His Honour, in his sentencing remarks, referred to the trial on the counts concerning the complainant's grandchild and stated that he accepted the jury's verdict as final but on the issue of whether the applicant was falsely accused, a matter about which he needed to be satisfied on the balance of probabilities taking into account the adverse consequences to the applicant of such a finding, he was not satisfied that the applicant was falsely accused. His Honour, nevertheless, accepted that the applicant's judgment was clouded to a significant degree by what appears to have been a number of incidents of harassment and public vilification arising out of those sexual charges. His Honour was not, however, satisfied that the complainant in these counts was directly involved in orchestrating such harassment and public vilification. His Honour preferred the account given by the complainant in her statements to police where it conflicted with the applicant's self-serving statements. His Honour accepted that the applicant's possession of the multi-purpose pocket knife tool, which was found with an open blade and a length of rope at the complainant's home, was not merely an unhappy coincidence. His Honour noted the applicant's remorse and plea of guilty but stated that he considered the offence was a bad example of a home invasion.
It is true that in fact the applicant did not plead guilty to an offence of home invasion but the offence of being in premises and assaulting the complainant doing her bodily harm was still a serious offence and one punishable by the same maximum penalty of 14 years' imprisonment.
His Honour was not precluded by the jury verdict of acquittal in respect of the sexual charges from finding on the sentence on these counts that on balance the sexual complaints were not false allegations.
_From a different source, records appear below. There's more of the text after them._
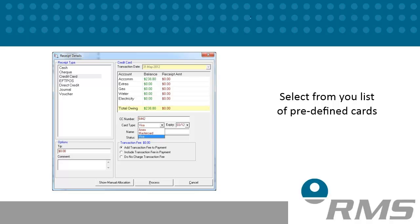This will become a list of credit cards that you accept at your property. When you process a receipt in RMS as a credit card, the cards entered here will become your card options.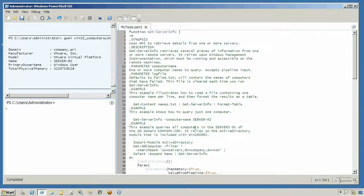If you've ever needed to retrieve just a few small pieces of management information from one or more remote servers, this tool using Windows PowerShell is an easy way to do it. All the remote servers need is the Windows Management Instrumentation, or WMI service, which is installed by default and set to run automatically on most computers. You will need to make sure that the firewall ports are open — generally, that's the remote administration exception in the Windows firewall.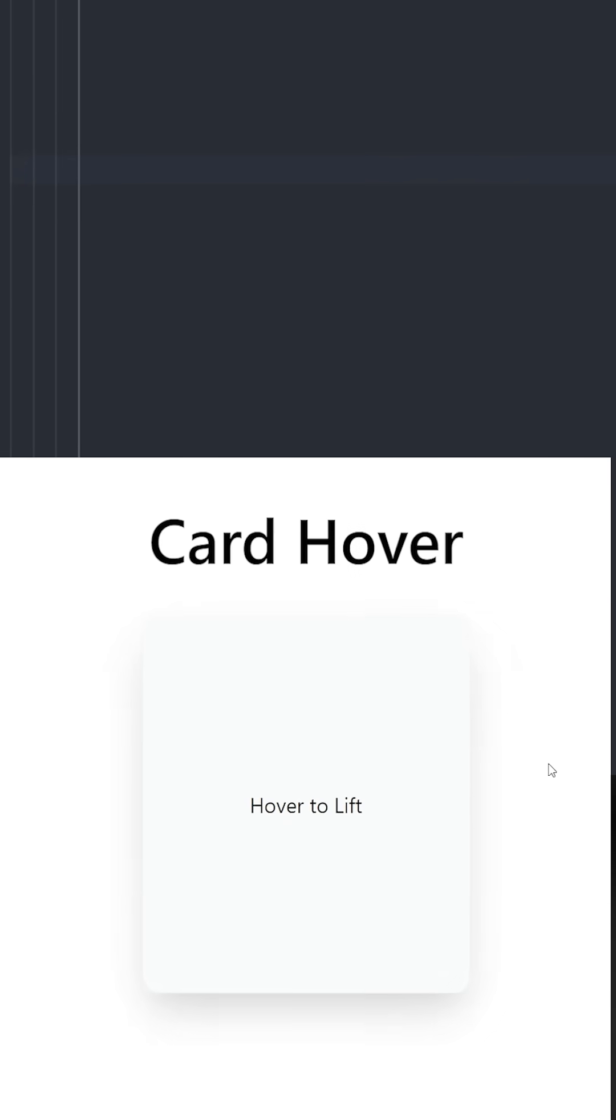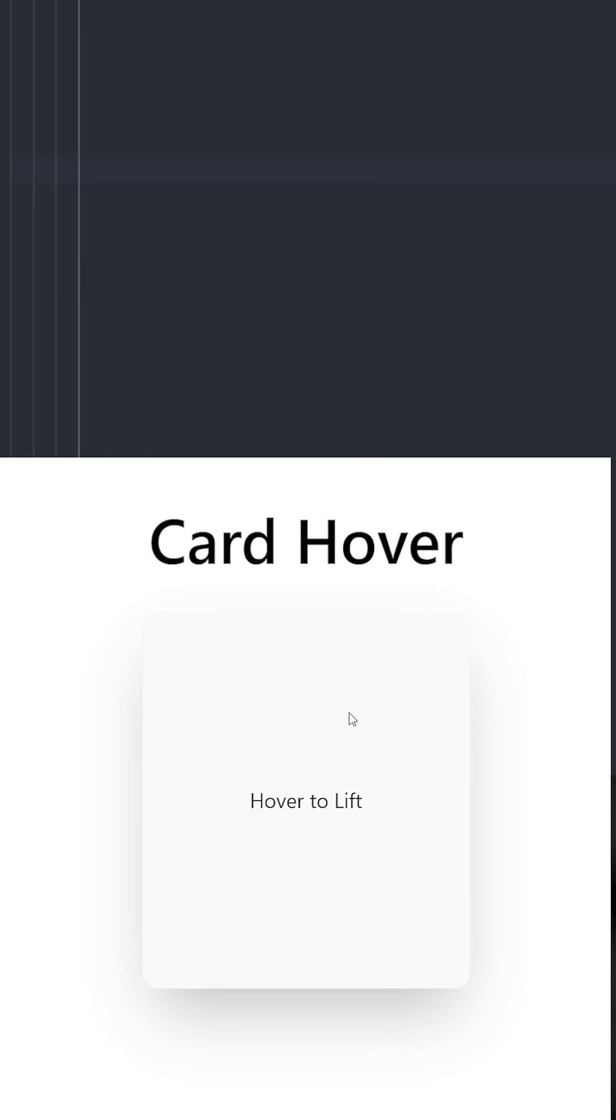To create this card hover effect, we're going to create a simple card with a little drop shadow. And when you hover over it, we're going to increase the drop shadow.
The jury verdicts of acquittal meant only that the jury were not satisfied beyond reasonable doubt of the guilt of the accused on the counts of indecent treatment.
In any case, had the allegations in fact been false, it was hardly a mitigating factor that the applicant took the law into his own hands and in an act of retaliation severely bashed a middle-aged woman with her arm in a cast and with a history of back problems in her own home at night time. On any view, the applicant's conduct was extremely serious and warranted a salutary penalty by way of specific and general deterrence. Although the applicant had no prior criminal history, he was a mature man who well knew that such violent, brutish behaviour was completely unacceptable. Although he pleaded guilty, the submissions made on his behalf at sentence did, as the learned sentencing judge recognised, suggest some absence of real remorse and insight.
The sentence imposed was within the comparable range (see R v Miles [1999] QCA 325; CA No 96 of 1999, 20 August 1999 and R v Brelsford [1995] QCA 594; CA No 301 of 1995, 14 September 1995).
I would refuse the application for leave to appeal against sentence.
...
McPHERSON JA: In my opinion, the question whether or not the applicant had been falsely accused of committing a sexual offence against the complainant's step-granddaughter is largely if not completely irrelevant to the sentence imposed here or its propriety. The applicant assaulted the complainant in her own home at night in the dark breaking her jaw as well as a rib.
It was for this offence that the applicant was sentenced on this occasion. The extent and severity of the assaults can be gathered from the photographic exhibits of her injuries after the event. The offence committed by the applicant merited the sentence imposed and I can see no reason for allowing the application for leave to appeal.
Like the President, it is my opinion that it should be dismissed.
MUIR J: I agree with the reasons of the President and of Justice McPherson and with the order proposed.
THE PRESIDENT: The application for leave to appeal is refused.